The programme's purpose
is to strengthen the capacity of local, central, and regional institutions and
key stakeholders in settlement and slum improvement through the use of good
governance and management approaches, pilot projects, and contributing, where
needed, to policy development and the implementation of institutional,
legislative, financial, and normative and implementation frameworks. To meet
these challenges, the PSUP programme seeks to harmonize with local and national
stakeholders on key slum upgrading projects through creating a network for
regional slum upgrading challenges. For this purpose, regional training and
policy seminars on the programme's concept, themes, and methods will be
organized with all stakeholders involved.

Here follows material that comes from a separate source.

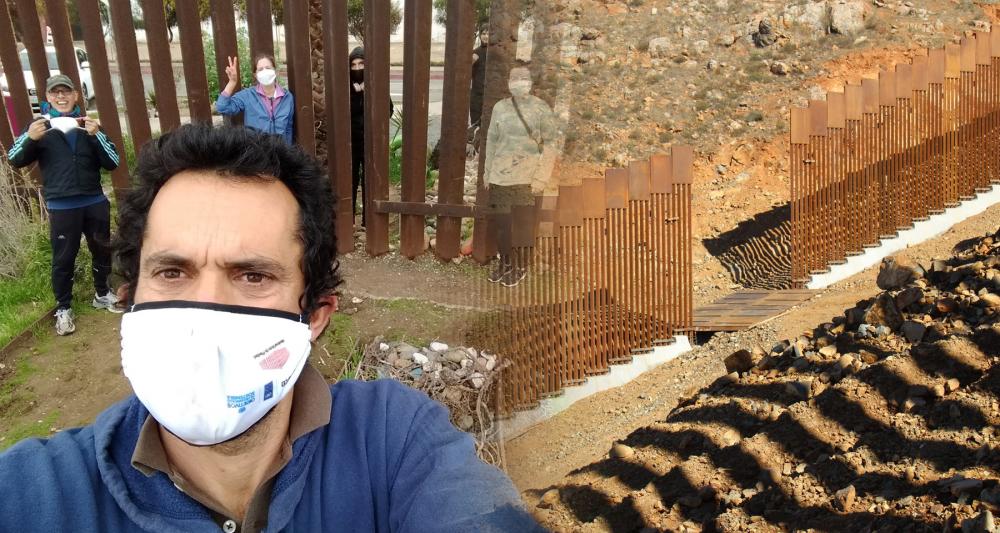 Left: Man wearing white surgical-style face mask. Right: Section of border wall under construction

The programme also aims to support
local and national authorities in identifying adequate funding to carry out
specific activities.
Objective 1: To enable
national, city and community representatives and planning authorities to assess
urban development needs and urban poverty in ACP countries through applying
cross-sector approaches and building ownership for the urban sector challenges
– this includes the acknowledgement of informal settlements as an integral part
of cities, and with the population therein addressed through a rights-based
approach.
Particularly,
municipalities and line ministries responsible for urban development lack human
and financial resources for urban governance and management. Actions in urban
areas lack coordination and often there is duplication of efforts addressing
the same context with very limited resources. Further, apart from strengthening
institutions to address urban poverty in an appropriate way, a link between
financing and technical government bodies is essential to finance urban poverty
in a sustainable way, also beyond this action.
Objective 2: To empower
ACP countries national, city and community representatives as well as planning
authorities to address slum dwellers' needs for better living conditions in
their cities with adequate planning tools and realistic resource mobilization
strategies – addressing and including the slum population directly in designing
slum upgrading programmes.
Often the identification
of slum upgrading needs lack continuation, implementation and the participation
of the target group. The formulation of slum upgrading projects is often
isolated and sector specific. This often leads to single projects improving living
conditions in the short-term or even leading to conflicts and negative impacts
on the ground.
The capacity to develop
slum upgrading programmes in an integrated and participatory manner under the
leadership of the government and in the context of the whole city or town, with
its overall development opportunities, is not taken care off.
In addition, policy and
regulatory frameworks often hinder sustainable and affordable urban
infrastructure, land and housing (from plot sizes, land regulations or secure tenure
and housing building codes to provision of basic services). This programme aims
at overcoming divides of the informal and formal city and improvement at
national and city or town level.
Objective 3: Empower
national, city and community representatives and planning authorities to
implement innovative slum upgrading programmes that demonstrate successful slum
upgrading interventions which are to be up-scaled and replicated in other
towns, cities and neighbourhoods and increase visibility.
Besides during the
implementation of slum upgrading programmes, not all key stakeholders are aware
or involved in the process. This can lead to institutional and community
blockages in cross-sector activities or to the initial target group not fully
benefiting from the action, and if implemented with external experts, the lack
of replication and institutional memory.
The design and
implementation of slum upgrading activities shall be carried by all
stakeholders with their different roles. It shall create job opportunities for
the target group and be enriched through their local knowledge. By having the
cross-sector approach, actions and improvements shall multiply their impact
through feeding into each other. The high visibility and improved capacity
shall lead to an up-scaling and replication of activities finding its
reflection in national priorities, budgets and policies beyond this action.
In order to achieve the
three major operational objectives in an efficient way, UN-Habitat emphasises
the importance of a coherent advocacy strategy. This can be strengthened by an
enforced tripartite partnership between the European Commission and the
European Union Delegations, the ACP Secretariat and UN-Habitat, as well as
government (line ministries and finance and planning ministries) to prioritise
and budget for urban development needs and slum upgrading.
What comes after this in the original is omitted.